Get the high-risk and medium-risk events (identityRiskEvents API)

Medium and high-risk events represent those that may have the capability to trigger Identity Protection sign-in or user-risk policies. Since they have a medium or high likelihood that the user attempting to sign-in is not the legitimate identity owner, remediating these events should be a priority.

GET https://graph.microsoft.com/beta/identityRiskEvents?`$filter=riskLevel eq 'high' or riskLevel eq 'medium'" 

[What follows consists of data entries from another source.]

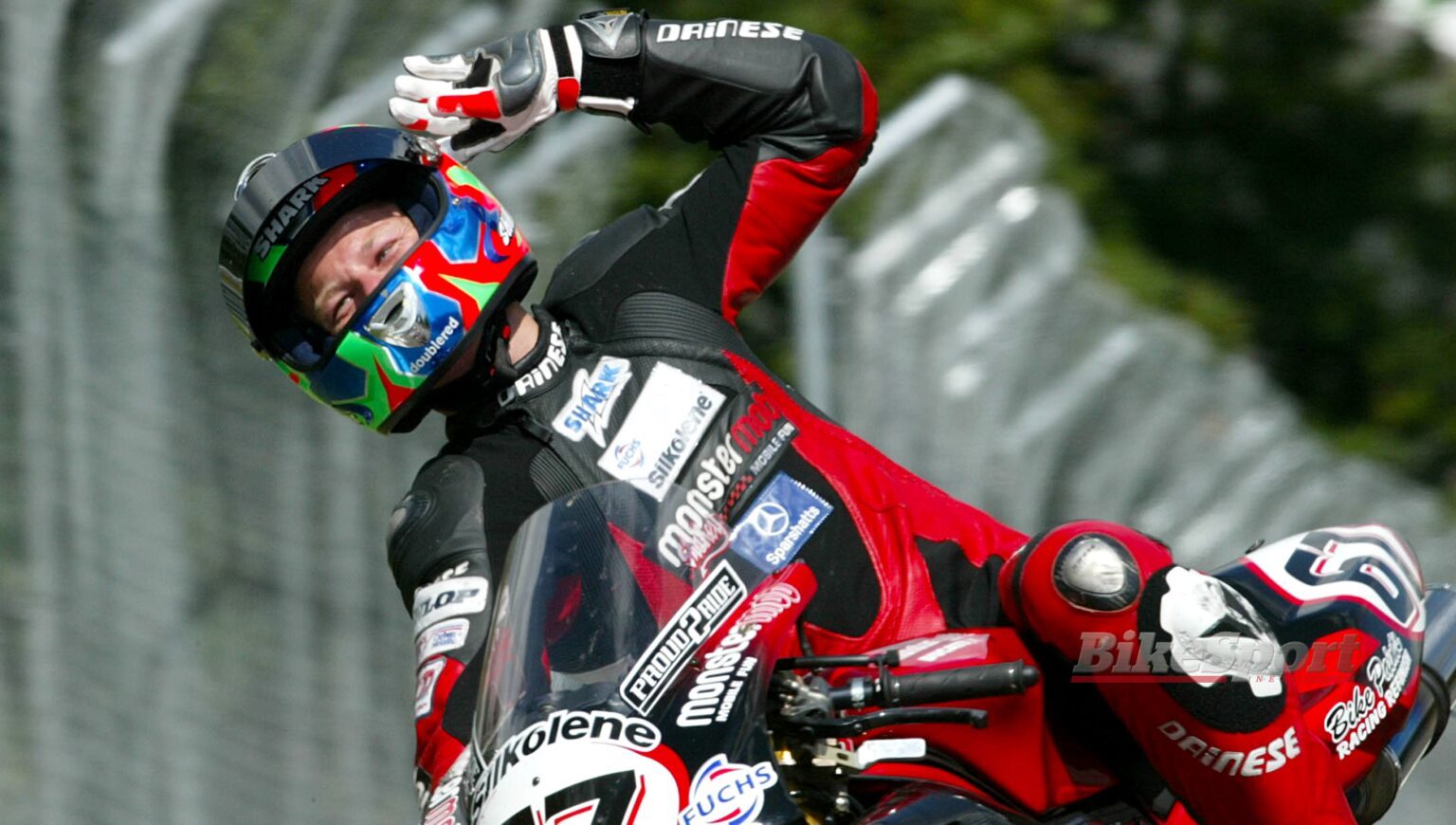 Shane Byrne, Monstermob Ducati, 2003 WorldSBK, action [Gold & Goose]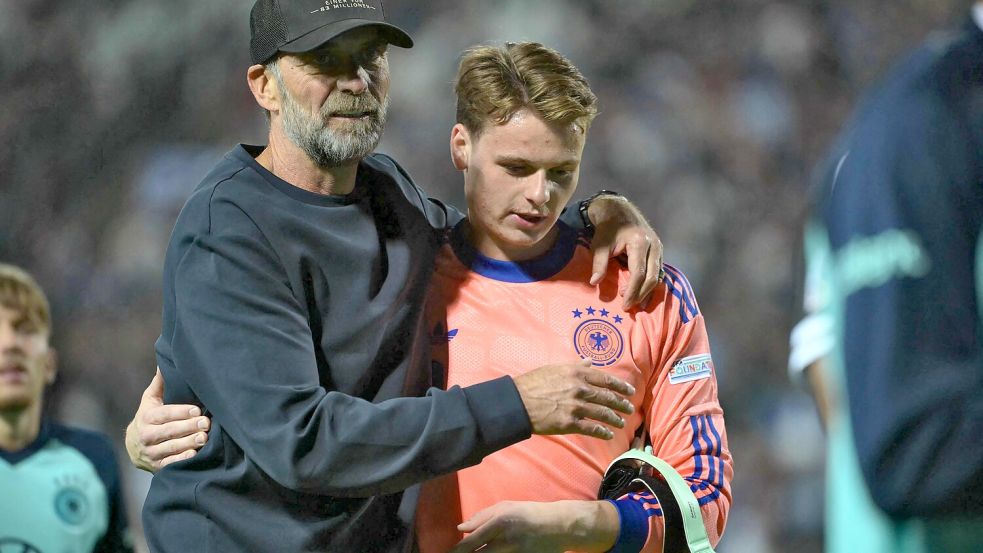 Dank Torwart Jonas Urbig bleibt die DFB-Elf auch gegen Griechenland ohne Gegentor. Foto: AFP/ARIS MESSINIS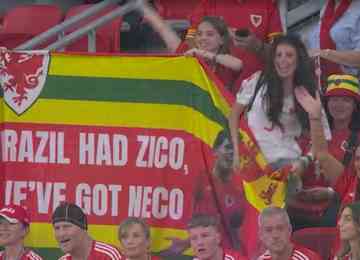 Na arquibancada, a torcida de Gales exibiu uma bandeira comparando o lateral com Zico.
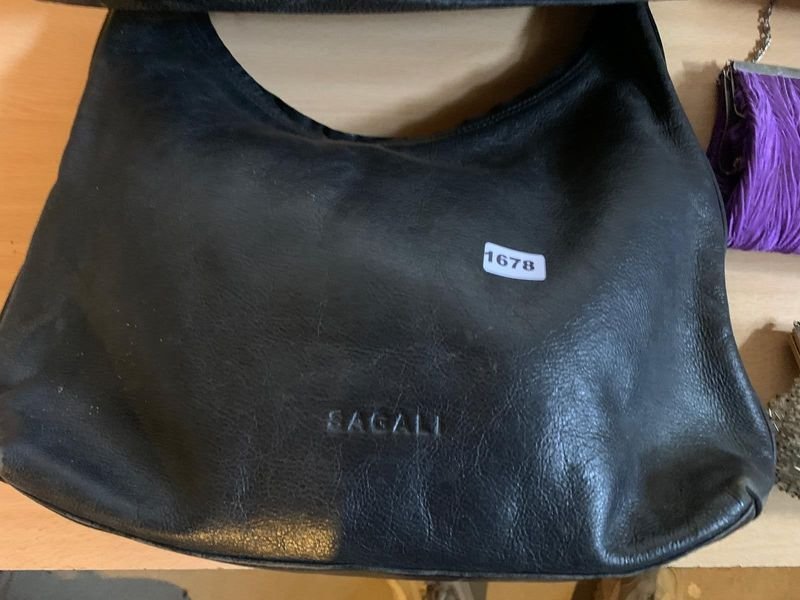 Item 894838 - Image 1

Get all of the users who successfully passed an MFA challenge triggered by risky sign-ins policy (riskyUsers API)

To understand the impact Identity Protection risk-based policies have on your organization you can query all of the users who successfully passed an MFA challenge triggered by a risky sign-ins policy. This information can help you understand which users Identity Protection may have falsely detected at as risk and which of your legitimate users may be performing actions that the AI deems risky.

GET https://graph.microsoft.com/beta/riskyUsers?$filter=riskDetail eq 'userPassedMFADrivenByRiskBasedPolicy'

Get all the risky sign-ins for a specific user (signIn API)

When you believe a user may have been compromised, you can better understand the state of their risk by retrieving all of their risky sign-ins.

https://graph.microsoft.com/beta/identityRiskEvents?`$filter=userID eq '<userID>' and riskState eq 'atRisk'

Next steps

Congratulations, you just made your first call to Microsoft Graph!
Now you can query identity risk events and use the data however you see fit.